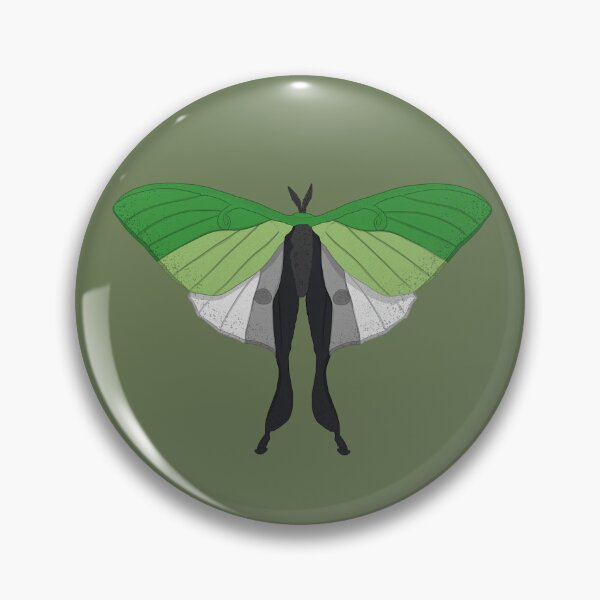 Item preview, Aro Luna Moth designed and sold by GreenCatPress.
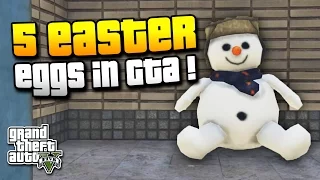 GTA 5 | 5 EASTER EGGS DIE DU NOCH NICHT KANNTEST ! | CJ, SCHNEEMANN & MEHR | IDzock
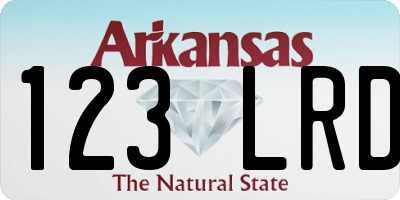 AR license plate 123LRD
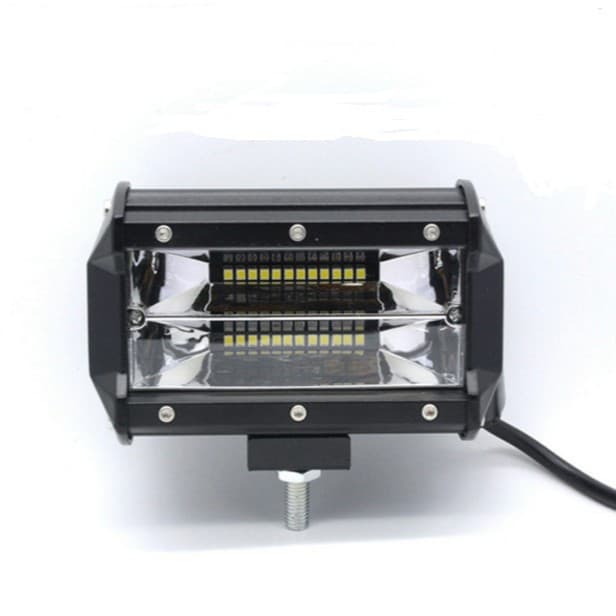2 Cross-border Supply Three-Row 20-LED Wrangler Car Motorcycle Modified Fog Light Front Rear Bumper Roof Auxiliary Spot Light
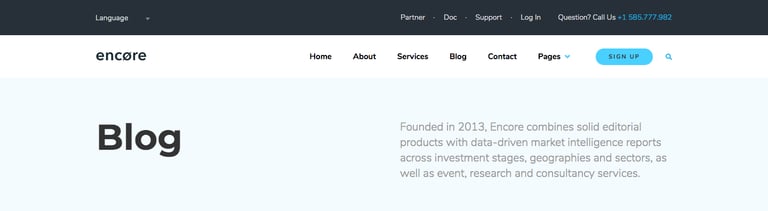 Encore - Multi-purpose Business Template Kit
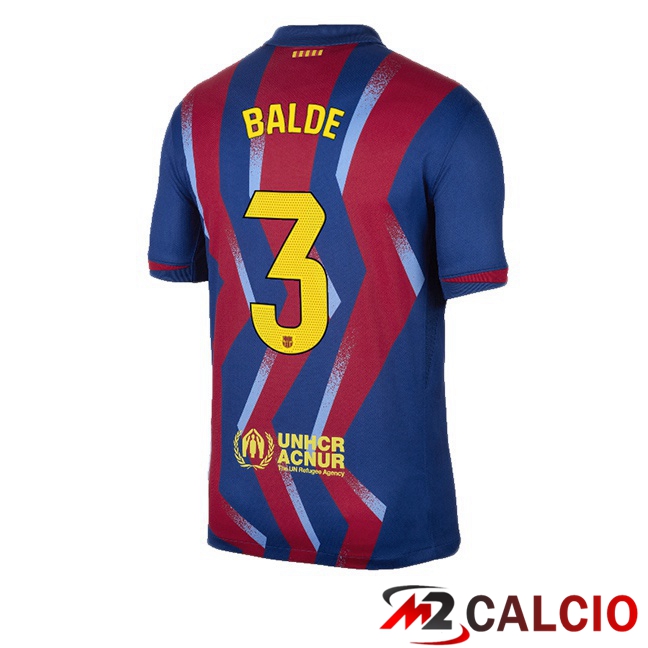Maglie Calcio FC Barcellona (BALDE 3) Quarto Blu Rosso 2025/2026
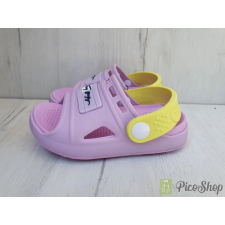 Tommy Hilfiger lila-sárga gumipapucs A165-26 gyerek papucs, mamusz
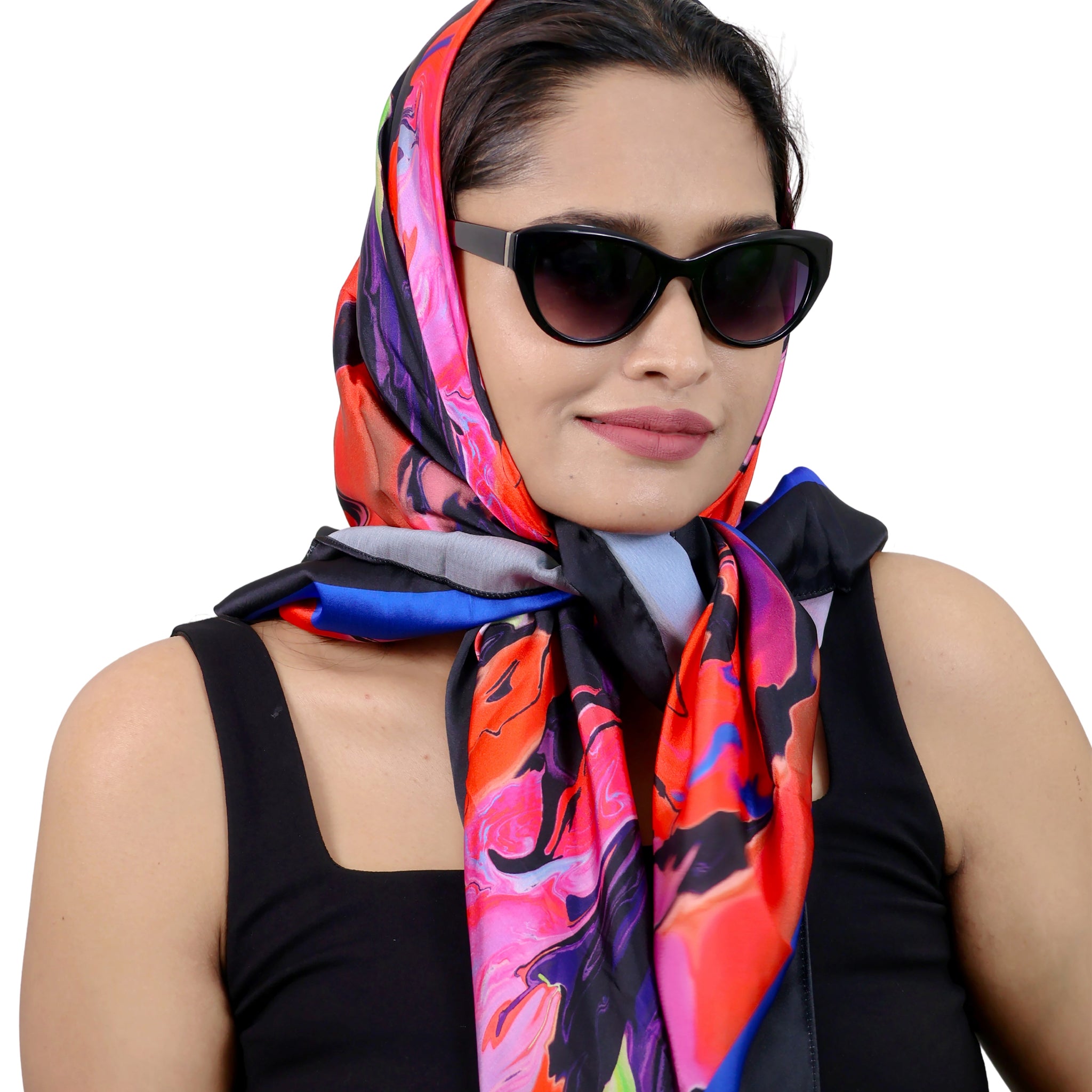 Abstract Sunset Evocative Wrap Scarf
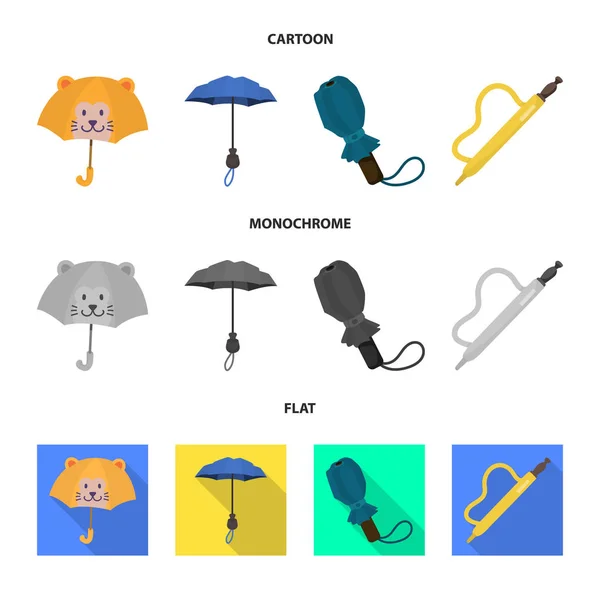Ilustracja wektorowa ochrony i ZAMKNIĘTA logo. Kolekcja ochrony i deszczowa symbol giełdowy dla sieci web. — Wektor stockowy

+ + + + +

(Task instructions) Once the line containing "2 Cross-border Supply" is found in the records above, it and every line after it up to the last must be repeated exactly, without pictures.

(Response below)
2 Cross-border Supply Three-Row 20-LED Wrangler Car Motorcycle Modified Fog Light Front Rear Bumper Roof Auxiliary Spot Light
 Encore - Multi-purpose Business Template Kit
Maglie Calcio FC Barcellona (BALDE 3) Quarto Blu Rosso 2025/2026
 Tommy Hilfiger lila-sárga gumipapucs A165-26 gyerek papucs, mamusz
 Abstract Sunset Evocative Wrap Scarf
Ilustracja wektorowa ochrony i ZAMKNIĘTA logo. Kolekcja ochrony i deszczowa symbol giełdowy dla sieci web. — Wektor stockowy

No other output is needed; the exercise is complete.